Thomas attributed the picks to different causes. The first was tipped by Davis, the second came after his arm was hit, and the third was his bad read.
“They made it tough on us, pressing us up and making us throw into tight windows,” Thomas said.
A running game would help the passing cause, but in two games against the Bowl Subdivision, the Hokies have rushed for 96 yards (Georgia Tech) and 59 (Saturday).
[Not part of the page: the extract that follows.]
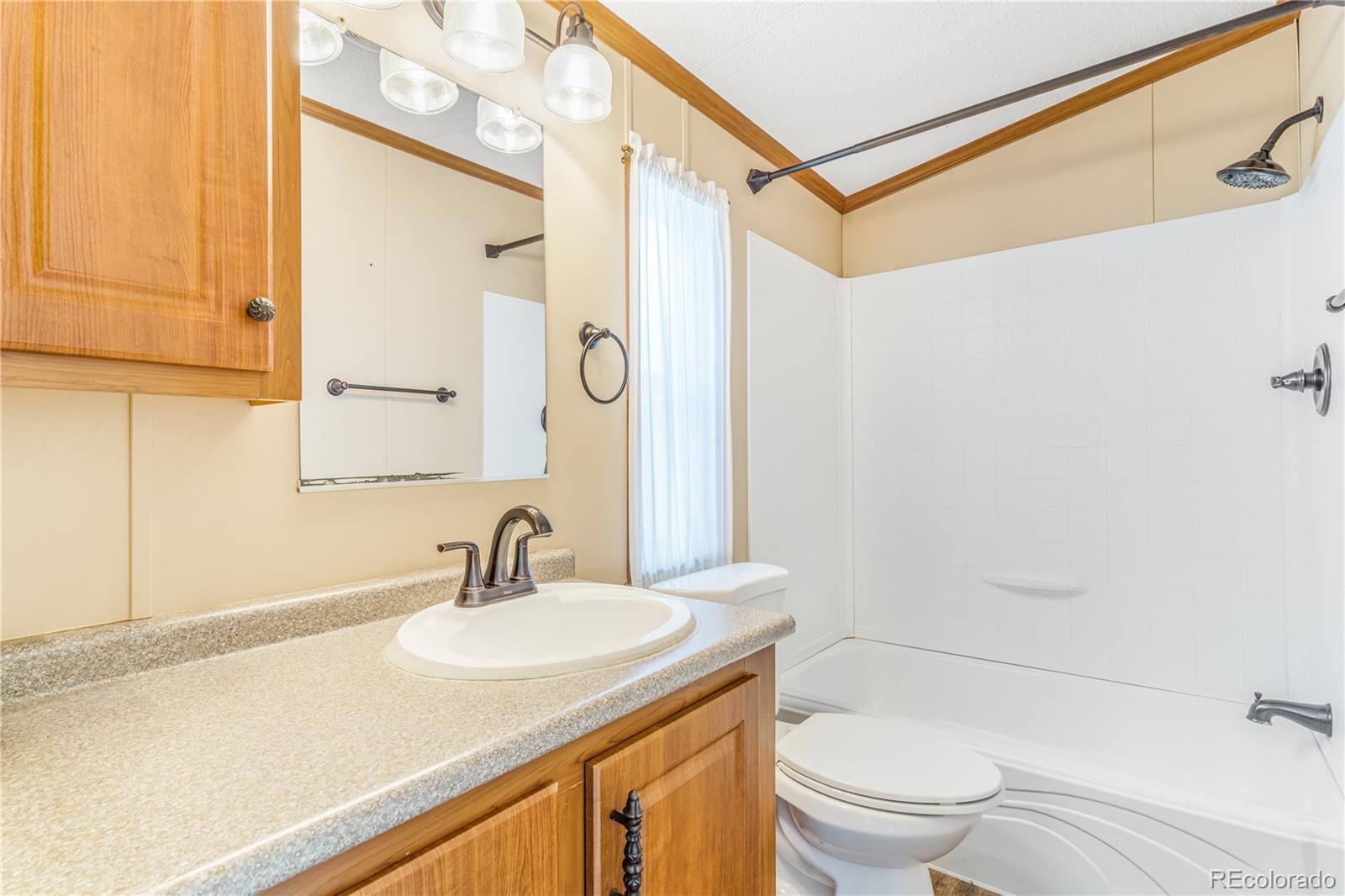 1500 W Thornton Pkwy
The line isn’t blocking well, and starting tailback Michael Holmes is too tentative.
“There’s no question we need to run the ball better,” Beamer said.
Other notes and observations from a loss that ended Tech’s national-best, 13-game road winning streak:
* Linebacker Bruce Taylor was none too pleased with the personal foul penalty he drew for slamming quarterback Tino Sunseri to the ground on a third-and-1 sneak in the third quarter.
“I got until the whistle and I didn’t hear a whistle,” Taylor said. “He was still trying to get forward, so I’m trying to get him down. I didn’t try to overly slam him extra hard or anything like that. If I’m wrong, then tell me. But when they run the ball, they’re a running back. So however you have to get him down, you have to get him down.”
Taylor’s mistake was the body slam, and it proved costly. The Panthers took advantage of the subsequent first down and drove to the touchdown that gave them a 28-10 lead.
* Kyshoen Jarrett’s 94-yard punt return for touchdown was the second-longest in Tech history, 1 yard shy of Frank Loria’s record-setter against Miami in 1967. Ronny VanDyke threw the key block, which leveled Mike Shanahan and Devon Porchia.
“I actually meant to hit the punter,” VanDyke said. “I missed him and actually heard the crowd screaming, so I knew Kyshoen had broke (free). “I turned around and saw 87 (Shanahan) and another number. I just knew if I hit them clean, Kyshoen going to score.”
Since 2000, Tech has won 10 consecutive games against the MAC by margins ranging from 21 to 63 points. But Bowling Green gave Florida fits in their season opener before falling 27-14. The Falcons then defeated Idaho 21-13 before facing league and state rival Toledo on Saturday night.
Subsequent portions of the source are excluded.